Кэрол слышала звук затрудненного дыхания, хриплого, с посвистом. По словам Хэтти – ее собственного дыхания. Весь сегодняшний день этот звук – как бы издалека – сопровождал ее. Теперь он вырос, укрепился, определенно став насыщенным. Это как с черным цветом; он гораздо более черен, чем память о нем, – словно ребенок взял лист бумаги и закрасил его, не оставив ни единого свободного пятнышка.
Черным…
Кэрол вспомнила выражение лица Фарры в тот момент, когда ее настигла первая волна ряби, – предчувствие тайны, которой с ней вот-вот поделятся, было написано на лице горничной. За то время, пока Фарра работала у Эверсов, Кэрол впадала в кому дважды, и каждый раз Дуайт устраивал так, что никто не мог входить в спальню к заболевшей хозяйке. Но, каким бы хорошим человеком в глазах прислуги Дуайт ни был, людей смущало то, что он не приглашал к жене доктора. И у Фарры, и у всех прочих, кто работал в доме, возникали вопросы относительно того, что не так с Кэрол Эверс. И нигде мельницы сплетен и слухов не работали так яростно, как в садах и кухнях домов, где они жили со своими семьями.
Хриплое дыхание ни на миг не стихало, и Кэрол подумала о Джоне Боуи – как будто он, умерший, имел доступ к Кэрол, впавшей в кому. И она – она словно слышала, как его безжизненные легкие продолжают поставлять кислород к давно остывшему телу.
Джон!
Джон приложил немало сил, придумывая, за что впавшая в кому Кэрол могла бы ухватиться во время своего падения.
– Когда падаешь, – говорил он, – протяни вперед руки. Если почувствуешь, как кончики пальцев чего-то касаются, старайся за это зацепиться.

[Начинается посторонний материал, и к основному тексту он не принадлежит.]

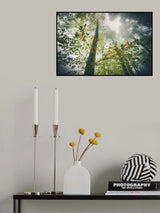 The breath of the forest Poster och Canvastavla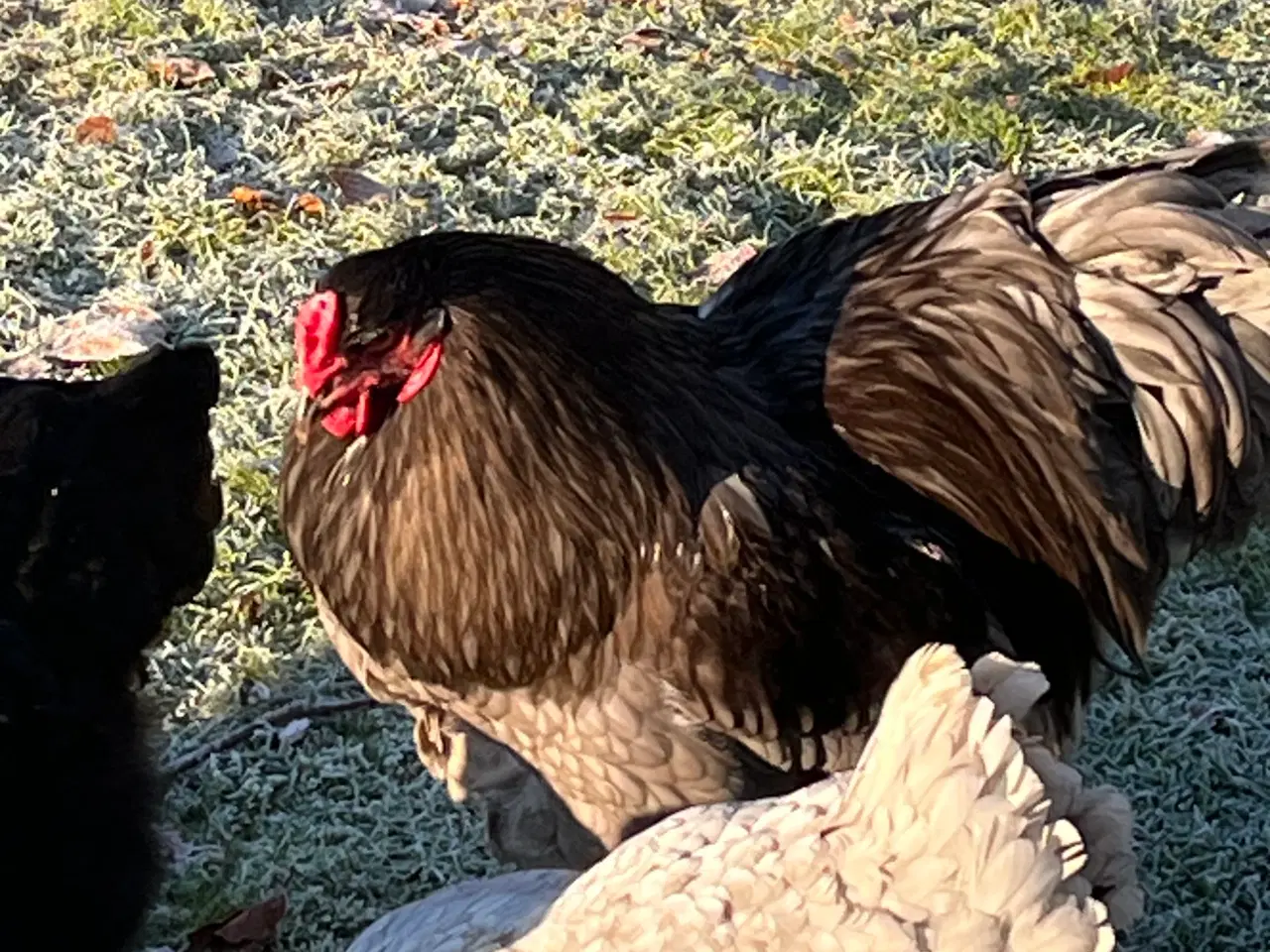 Billede 6 - Daggamle kyllinger brahma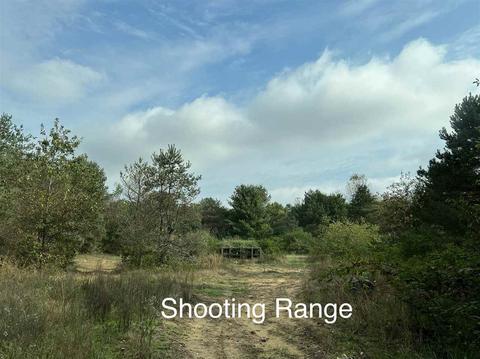 10273 E Stanley Rd, Davison, MI 48423 photo 63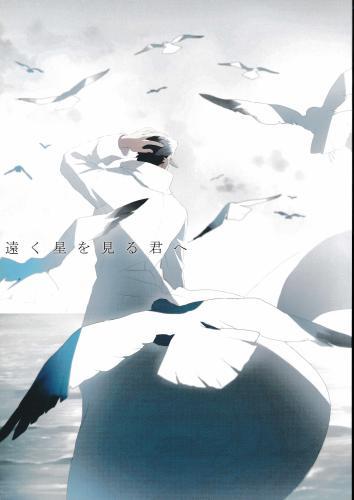 遠く星を見る君へ 【蔵出品】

Идея кажется чудесной, но только тогда, когда ей внимаешь в гостиной, за сытным ужином да за сладкими напитками. А вот когда ты падаешь, то совсем другое дело. Кэрол в состоянии комы не могла пошевелить ни рукой, ни ногой. Единственное движение, которое было ей доступно, – само падение.
Сквозь ледяной ветер.
И все-таки Кэрол пыталась. Образ порога все еще жил в ее памяти и стоял перед глазами.
Звук дыхания не ослабевал – медленное ритмичное рокотание, напоминающее хрипы, вырывавшиеся когда-то из легких ее деда! А между вдохами и выдохами Кэрол различала звучавшие в отдалении знакомые голоса – это Дуайт разговаривал с Фаррой.
Когда Кэрол впадала в кому, до нее все-таки доносились звуки внешнего мира. Но это была ненадежная и нестабильная версия внешнего мира, словно индивидуальные интонации и тембр голосов, как и стоявшие за ними эмоциональные ряды, были многократно усилены.
Кэрол решила, что Дуайт открывает Фарре их семейную тайну. Успокаивает девушку.
Но внезапно, по мере того как интонации стали яснее и четче, Кэрол поняла, что Дуайт говорит точно так же, как и люди, собравшиеся утром на похороны Джона Боуи, так, словно Кэрол на этот раз действительно умерла.